A January 29th report from Barclays Equity Research suggests that investors are focusing too much on the bleeding in the energy sector from the huge drop in crude prices, and not enough on the major benefits to consumers (and consumers good producers) that can be expected from an additional $1.6 trillion in income in 2015 due to lower oil prices
Barclays analysts Ian Scott and colleagues argue that investors are too negative, and that the consumer discretionary sector currently represents a good buying opportunity. They note: “This [investor focus on the energy sector] suggests a “glass half empty” approach reflecting the negative side of a possible $1.6 trillion transfer of income from oil producers to oil consumers, but not yet the potential benefits.”
Crude oil plunge could result in $1.6 trillion wealth transfer in 2015
The Barclays report notes that if crude prices stayed at around $50 a barrel throughout 2015, this would imply a reduction of expenditures on oil from around 4% to 2% of global GDP. When you do the math, that ends up as a transfer of $1.6 trillion from “oil producers” to “oil consumers”.
Moreover, lower oil prices actually offer a “double whammy” positive economic effect in that most products are cheaper to produce and consumers have a good bit more cash in their pockets to spend because of lower gas prices and utility bills.
Consumer discretionary sector undervalued
Scott et al, highlight that, in valuation terms, “the consumer discretionary sector has been materially de-rated relative to the oil producers and now trades on a discount for the first time since 1999.”

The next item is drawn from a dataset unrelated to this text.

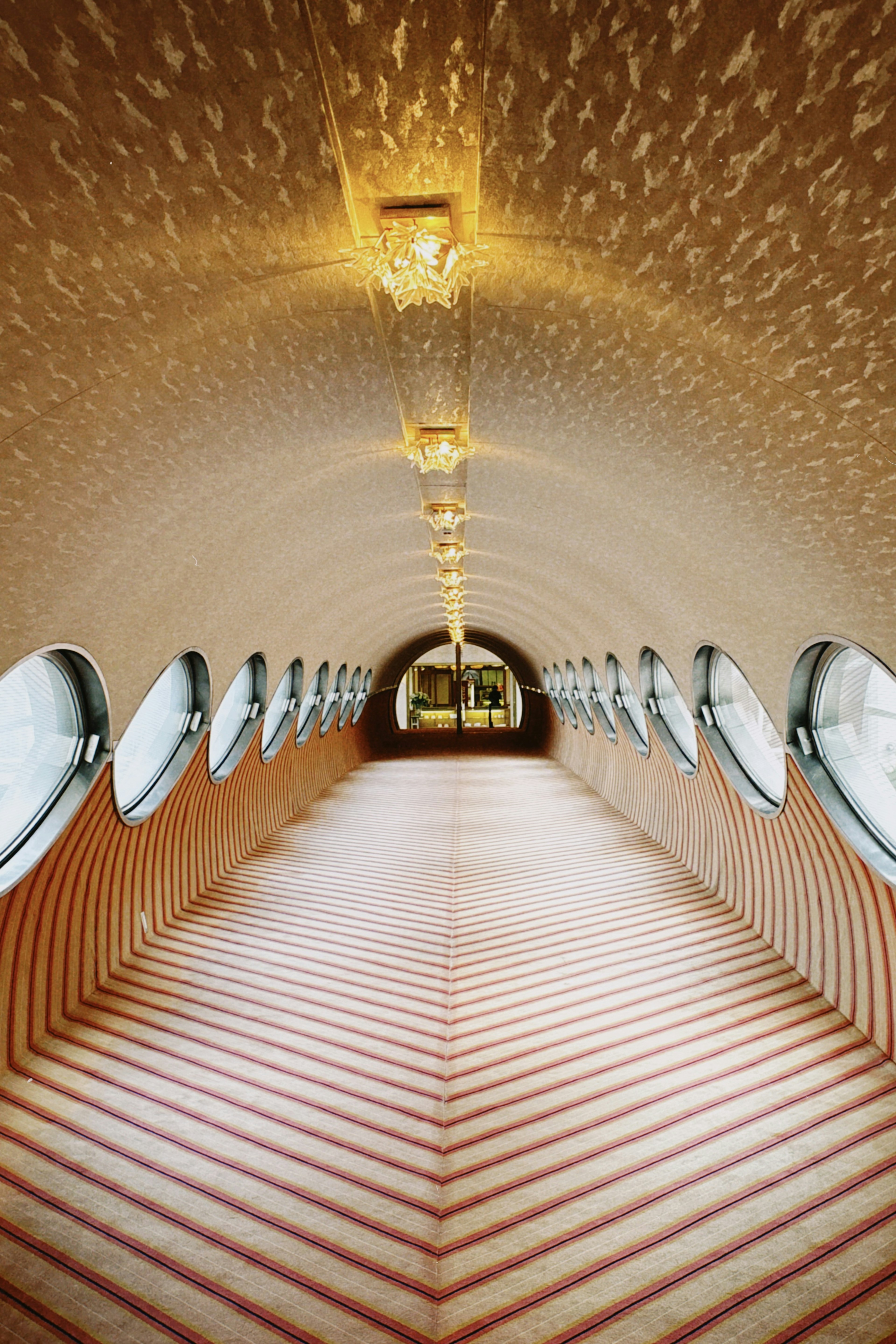 Intérieur d'un long tunnel avec un éclairage lumineux Sol rayé rouge et blanc avec des fenêtres rondes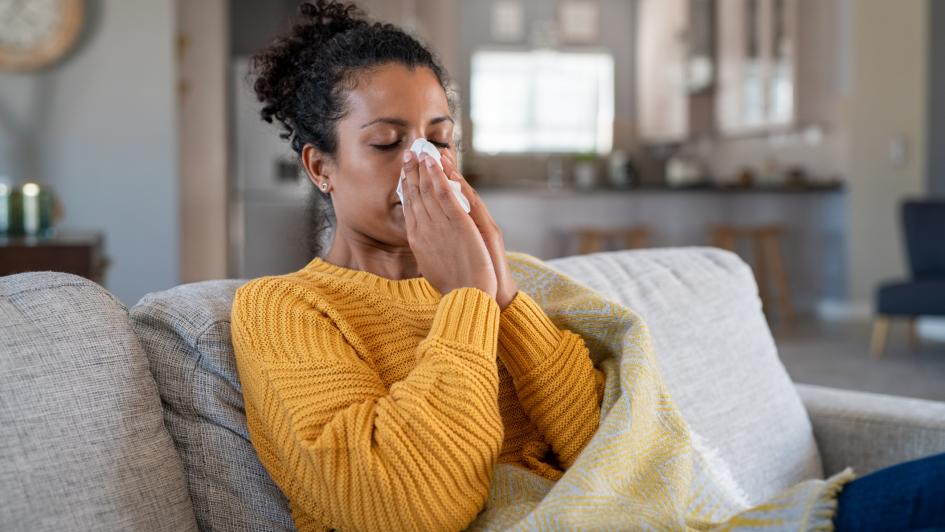 woman blowing her nose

As can be seen in Figure 6, returns for oil producers have been very poor, yet oil consumers have not enjoyed a corresponding rally as oil prices have dropped.
They elaborate that the declines in oil producers’ earnings have outpaced the declines in their stock prices, so the sector has in fact been re-rated, from 12.5 at the end of July to 15.7 times currently. That said, the forward multiple for the global consumer discretionary sector has not budged at 15.5. The market is therefore priced for a bump up in earnings for the oil producers, but not for the expected improvement in discretionary consumer spending described above.
Furthermore, as Figure 7 makes clear, the consumer discretionary sector is trading at a 1% discount to the global energy sector, far off of its historical 31% premium.
Of note, the world’s 50 largest consumer discretionary and transportation stocks as a group have seen no improvement in earnings or share prices since mid-summer. The Barclays analysts note: “This seems inappropriate given the prospect that discretionary consumer spending accelerates in a lagged response to lower oil prices.”